The album spawned four substantial hit singles during 1981 and 1982: the Tom Petty and the Heartbreakers-penned duet "Stop Draggin' My Heart Around" (#3), the Don Henley duet "Leather and Lace" (#6), the iconic "Edge of Seventeen" (#11), and country-tinged "After the Glitter Fades" (#32).
Bella Donna would mark the beginning of Nicks' trend of calling upon her many musician friends and connections to fully realize her sparse demo recordings. Along with friends Tom Petty and Don Henley, Nicks brought in famed session musician Waddy Wachtel, Bruce Springsteen's E-Street Band pianist Roy Bittan, and Muscle Shoals session man Donald "Duck" Dunn of Booker T. & the MGs. Though Bella Donna's personnel list includes some 20 musicians, the album is very much Nicks' own work, with all but one of the songs on the record written by her.

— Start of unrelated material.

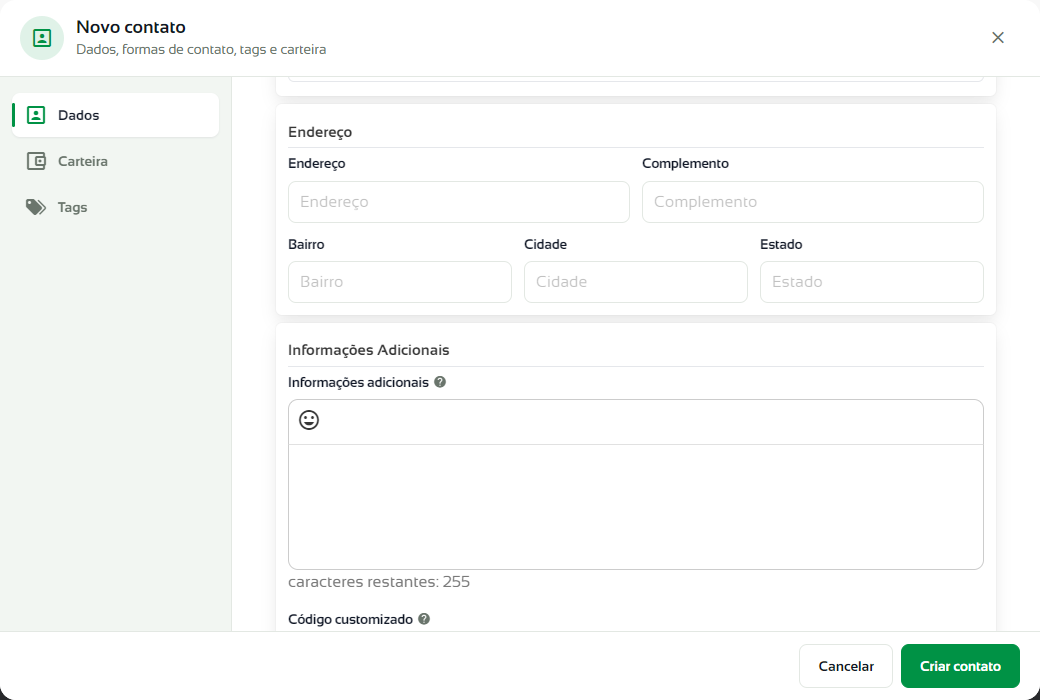 Endereço e informações adicionais do contato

The album also marked the first recording featuring Nicks' backing vocalists, Sharon Celani and Lori Perry, who still record and tour with Nicks today.
Vinyl Ripping Equiptment
Technics SL-1200MK2 Turntable (Modified with DB Link Platinum Series Cables)
Shure V15VxMR Audiophile Cartridge
LP Gear SHVN5xMRSAS Super Analogue Stylus
Sonic Bliss Audiophile Turntable Mat
Bellari VP130 (12AX7 Tube) Phono Preamp
DB Link Platinum Series Cables
Creative E-MU 0404 Studio Sound Card
Adobe Audition 3.1 Recording Software
These are all rips from my orignal MFSL collection. I ripped them when I still owned them. I ripped them @ 24-Bit/96kHz orignally and saved them to my storage hard drive. I then converted copies to 16-Bit/44kHz redbook and backed that up to DVD ROM disc's. Not too long ago, my storage hard drive was destroyed so I lost all my original 24/96 files. What I am posting here are the 16-Bit/96kHz redbook copies converted from my original 24-Bit/96kHz rips of my MFSL LP's from my back up DVD's. So these are the only existing copies I have left from the original rips.
Yes, they are MFSL rips.
Yes, they were ripped @ 24-Bit/96kHz originally.
No, I do not have the 24/96 files any longer.